Have you ever met anyone like my friend, Dennis? He lived in Canada, and had suffered much of his life with several debilitating diseases. Yet every time I met him, his face glowed with the light of heaven.
The phone rang one night in the home where I was visiting in Winnipeg. Dennis had suffered a severe seizure and had been rushed to the hospital.
That wasn’t the end of the story. It was the dead of winter in Manitoba, the temperature was -40 degrees, and the roads were treacherous. En route to the hospital, the ambulance was blindsided by a sand truck, and Dennis caught the worst of it.
When we arrived at his room, there he was, strapped up like a mummy, no doubt in agony. But when he saw us, he smiled. “Dear Dennis,” I asked, “what are you thinking now?”
Without a heartbeat between, he began to quote the words of Isaiah: “I will mention the lovingkindnesses of the Lord and the praises of the Lord, according to all that the Lord has bestowed on us, and the great goodness…He has bestowed…according to His mercies, according to the multitude of His lovingkindnesses.” (Isa 63:7)
Do you wish you could be an overcomer instead of an “under-goer” in life? What’s the secret?
The fact is, we’re all born by the mouth of a polluted river. Many have convinced themselves that this is the best anyone can expect.
True, the foul water makes a person unhappy, anxious, dissatisfied. But life isn’t fair, so get used to it.
Then a fellow hears that the source, up in the mountains, is a spring, clear as crystal, sweet and satisfying. It’s the humans polluting the river that have made it so vile. Folks forget about this fellow until, one day, he returns. He has a new spring in his step, and his face glows with a new light. “It’s that water,” he says. “I’ve found life as it was meant to be!”
Forgive the crude parable, but it’s true. Many wonder why they’re so disappointed with life, so soured by the world. Yet they keep drinking in the polluted words and attitudes around them, the rancid evidence of a rapidly degenerating society.

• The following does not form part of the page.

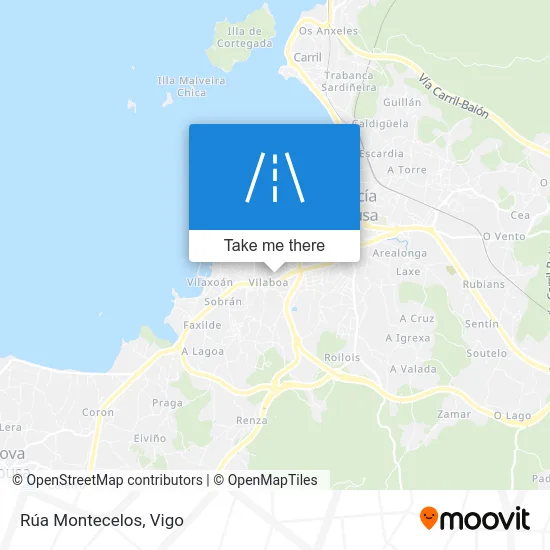 Rúa Montecelos map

Some Christians make little forays out of town, moving upstream a bit, to find less corrupted entertainment and more civil opinions. They don’t move too far, of course, because they don’t want to be too different.
J.C. Ryle wrote: “There is a common, worldly kind of Christianity…which many have, and think they have enough—a cheap Christianity which offends nobody, and requires no sacrifice—which costs nothing, and is worth nothing.”
That’s a far cry from what the Lord wants for us, the pure delight we have when we slake our thirst at the fountainhead.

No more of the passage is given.